Why mobile-first and progressive enhancement are the right way forward
Just three months into the year, and it’s already happened.
Over the last three years, traffic has grown by almost 5x. Desktop visitors now account for less than half of all traffic.
|All Traffic||Mobile & Tablet|
|May 2011||5,229||468 (~9%)|
|May 2012||8,559||2,035 (~23%)|
|January 2013||21,697||7,894 (~36%)|
|August 2013||15,621||6,987 (~45%)|
|March 2014||24,955||12,917 (~52%)|
The PAWS New England website was accessed by 289 different mobile devices in March of 2014. These devices included a good number of high-end smart phones running Apple iOS and Android. They also included a long tail of not-so-smart and feature phones—including a healthy handful of old BlackBerry devices.

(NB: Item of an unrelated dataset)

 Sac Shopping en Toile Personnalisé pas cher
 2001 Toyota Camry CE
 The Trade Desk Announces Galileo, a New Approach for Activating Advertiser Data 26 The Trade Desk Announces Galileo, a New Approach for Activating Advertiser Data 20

And as I discussed in Adopting a dog from your phone, people aren’t just browsing. They’re submitting adoption applications and making donations. Mobile is an essential part of our organization’s success.
Mobile-First and Progressive Enhancement
By using a mobile-first code structure, and layering in JS functionality as a feature and not a requirement, we ensure that all users get an experience that’s appropriate to the size of their screen and capabilities of their device. Content for everyone, advanced layouts and features for browsers and devices that support them.
This approach lets us support more users with less testing… and ultimately allows us to save the lives of more dogs.